Lèon Bakst (1866-1924) and Nicolai Fechin (1881-1955), both born and educated in Russia, produced the two portraits of Willa Cather known to have been painted during her lifetime.
Bakst was already well-known as a scene and costume designer associated with Sergei Diaghilev and the Ballets Russe in Paris. He was also a portrait painter. When the Omaha Society of Fine Arts asked Cather to choose a painter for a portrait they wanted to hang in the Omaha Public Library to commemorate her 1923 Pulitzer Prize, she happened to be in Ville d’Avray for a long visit with Isabelle and Jan Hambourg. Ville d’Avray is close to Paris, and the Hambourgs suggested she ask Bakst to do the portrait.

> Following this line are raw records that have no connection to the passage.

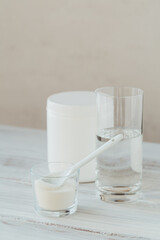 Collagen powder in bowl, glass of water and measure spoon on a white wooden background. Extra protein intake. Natural beauty and health supplement concept.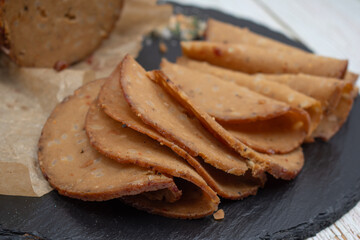 Seitan shaped and cooked in ham press, sliced on slate board. Vegan protein, plant based alternative to meat.
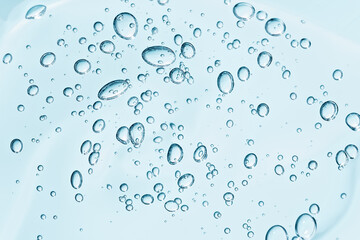 Fototapeta na wymiar Close up macro Aloe vera gel cosmetic texture blue background with bubbles. Lemongrass gel skincare product. antibacterial liquid with aloe vera, moisturizing. Safe and environmental friendly.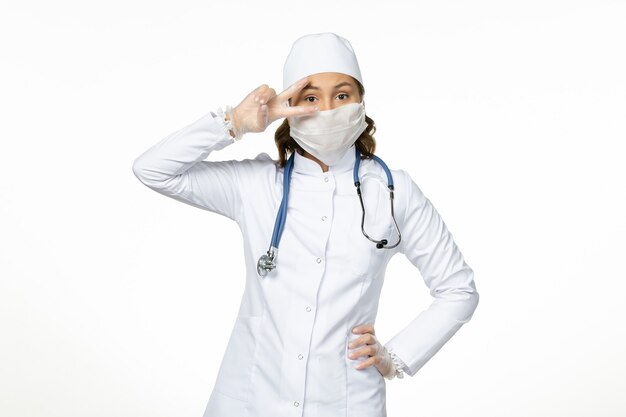 Front view female doctor in white medical suit and with mask due to coronavirus on the white wall virus disease pandemic covid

Cather enjoyed Bakst during the approximately twenty sittings it took for him to finish the portrait in his Paris studio, but she was not feeling well at the time and found the process difficult. In fact, she took three weeks off near the end to go to Aix-les-Bains for a restorative break. She already thought the “likeness” of her face “unusual” when she left for Aix-les-Bains and worried that people in Nebraska would not like Bakst’s portrait when it was finished (August 27, [1923] letter to Duncan Vinsonhaler, Selected Letters of Willa Cather, University of Nebraska Press, 2013, p. 344.). And the truth is, neither Cather nor the good people of Nebraska were pleased by the finished product.